The AGM of Sligo Credit Union is on tomorrow night. 

They have declared a 0.75% dividend which is reasonable in the difficult times that we are in. To the credit of the Board and its management AGMs have been held promptly in the last week of November each year as long as I can remember.

However, none of the reports give us any hard facts such as the actual delinquency amount we are carrying plus the percentage of renegotiated loans on its books.

Like many other Credit Unions throughout the country Loans are static but the amount of Shares are growing rapidly notwithstanding the difficulties that a 10% Statutory Reserve imposes.

I would like to generate a debate on this issue and explore different alternatives.

I fully appreciate carrying excess Share amounts pre the European Exchange Mechanism of 1999.


----------



## WizardDr (26 Nov 2012)

@yearsanon45

First thing is that the Statutory Reserve at 10% is out of RETAINED profits

It is 300% bigger than that required by the Banks after Basel III which when you cut throught the tedious and odious risk weighted assets - suggests that the ratio could be no less than  3% of total assets.

You credit union should have a representative of the Regulator down to explain in detail this regulatory gap of such a high magnitude.

For the avoidance of doubt, if Sligo Credit Union had only one asset called Government Gilts - it would still need 10% of that value - as a revenue reserve,

What that means is that it would retain profits equal to that amount.

This is  incredibly easy when the best banks in the world do not make more than 1.1% on their assets.

So those Regulators should be challenged on this.

Its a pity that so many people simpy don't get it.

Your credit union is on the way out - because of some incredibly deranged and illogical Regulator that most of us are afraid to question.


----------



## Slim (27 Nov 2012)

yeatsanon45 said:


> The AGM of Sligo Credit Union is on tomorrow night.
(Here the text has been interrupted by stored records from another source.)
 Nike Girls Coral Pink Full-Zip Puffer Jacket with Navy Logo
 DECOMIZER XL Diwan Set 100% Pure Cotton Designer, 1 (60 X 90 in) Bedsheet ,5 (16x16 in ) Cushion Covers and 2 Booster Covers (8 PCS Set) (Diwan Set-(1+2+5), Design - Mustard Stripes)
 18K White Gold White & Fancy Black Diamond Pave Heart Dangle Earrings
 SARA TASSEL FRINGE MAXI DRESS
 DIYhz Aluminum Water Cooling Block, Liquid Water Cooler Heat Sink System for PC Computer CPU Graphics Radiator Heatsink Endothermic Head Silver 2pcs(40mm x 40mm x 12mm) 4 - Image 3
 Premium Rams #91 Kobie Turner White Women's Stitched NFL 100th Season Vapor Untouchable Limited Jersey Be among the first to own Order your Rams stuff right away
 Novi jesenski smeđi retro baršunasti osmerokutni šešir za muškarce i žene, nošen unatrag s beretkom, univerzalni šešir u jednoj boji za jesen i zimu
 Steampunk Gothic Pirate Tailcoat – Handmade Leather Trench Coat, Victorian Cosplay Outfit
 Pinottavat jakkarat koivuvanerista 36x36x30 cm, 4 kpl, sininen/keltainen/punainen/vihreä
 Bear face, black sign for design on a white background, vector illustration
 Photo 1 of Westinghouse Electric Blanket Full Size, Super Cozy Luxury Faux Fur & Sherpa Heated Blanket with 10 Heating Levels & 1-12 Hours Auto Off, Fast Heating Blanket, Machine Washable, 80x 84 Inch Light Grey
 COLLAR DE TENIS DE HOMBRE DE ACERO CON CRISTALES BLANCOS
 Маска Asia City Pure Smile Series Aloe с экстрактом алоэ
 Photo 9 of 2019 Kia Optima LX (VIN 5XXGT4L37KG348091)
They have declared a 3/4% dividend which is reasonable in the difficult times that we are in. To the credit of the Board and its management AGMs have been held promptly in the last week of November each year as long as I can remember.
> However, none of the reports give us any hard facts such as the actual delinquency amount we are carrying plus the percentage of renegotiated loans on its books.
> Like many other Credit Unions throughout the country Loans are static but the amount of Shares are growing rapidly notwithstanding the difficulties that a 10% Statutory Reserve imposes.
> I would like to generate a debate on this issue and explore different alternatives.
> I fully appreciate carrying excess Share amounts pre the European Exchange Mechanism of 1999.


 
I relation to bad debts, look at the Balance Sheet. Under Assets, Members' loan = €X, Provision for Bad and Doubtful Debts=€Y, Net asset of loans = X-Y. This will give you an indication of the level of risky loans as this is calculated by the system. Under Reserves, your CU may have Doubtful Debt reserve (or some such name). The reserve is largely discretionary and the larger the DD reserve compared to the value of loans, X, the better. If the DD reserve equals Y, you are probably in good shape, imho. Provided, of course, that you are compliant with the 10% Statutory Reserve. The question of re-scheduled loans should be raised from the floor.


----------